LAS VEGAS (Reuters) - An Oregon woman accused of plowing her car into a crowd on the Las Vegas Strip, killing one person and injuring dozens of others, was charged with murder on Tuesday as investigators sought a reason for her actions.
Lakeisha N. Holloway, 24, who was arrested after the incident on Sunday, has been charged with murder with a deadly weapon in the death of a 32-year-old Arizona woman.
“This is a horrendous and inexcusable act that has needlessly and tragically impacted countless lives,” Clark County District Attorney Steve Wolfson said in a statement.
“I am confident that, as the investigation unfolds, we will be filing many more charges against Ms. Holloway,” he said.
Police said Holloway had been living in the car with her 3-year-old daughter. She has also been charged with child abuse or neglect, for having the child in the car during the incident, and with leaving the scene of a collision, according to the criminal complaint filed in Clark County court.

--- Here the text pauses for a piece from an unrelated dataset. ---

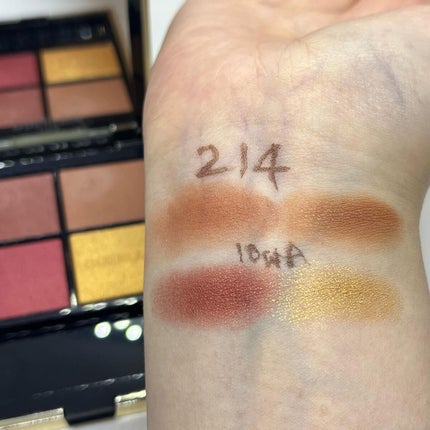 オンブル ジェ/GUERLAIN/アイシャドウパレットを使ったクチコミ(5枚目)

Las Vegas Metropolitan Police Sheriff Joe Lombardo said on Monday the incident did not appear to be a militant attack. U.S. law enforcement agencies have been on heightened alert since a married couple inspired by Islamic militants killed 14 people in San Bernardino, California, earlier this month.
Police said Holloway repeatedly drove onto the sidewalk, ramming pedestrians and street posts as bystanders pounded on her windows and tried to pull open her car door to stop her.
The incident occurred near Planet Hollywood, where the Miss Universe beauty pageant was being held.
Holloway was held without bail and scheduled to appear in court on Wednesday.
Officials said Holloway had been living in the car in Las Vegas for about a week and that she was driving with a suspended Oregon license.
After hitting the pedestrians, she drove about a mile on a flat tire, parked and asked a hotel employee to call police, then surrendered, according to the police report.
Holloway told detectives that earlier on Sunday she had been trying to sleep inside her car, but became stressed when she kept getting run off by security guards.
Holloway’s cousin LaShay Hardaway told Las Vegas television station KSNV, “Our family is definitely praying for those victims.”
Holloway may have stopped in Las Vegas en route to Texas, where her daughter’s father lives, Sheriff Lombardo said. The couple may have had a falling out but it was unclear what might have “caused her to snap,” he said.
The Skanner, a community website in the Pacific Northwest, reported that in 2012, Holloway received an award from a Portland career-mentoring nonprofit for being a role model for high school students. The Portland Opportunities Industrialization Center issued a statement confirming that Holloway had taken part in a program for the center.
A U.S. Forest Service spokesman said she had worked part-time for the agency from 2009 to 2012 while attending community college.
Holloway and her mother were homeless during her freshman year in high school, according to The Skanner report.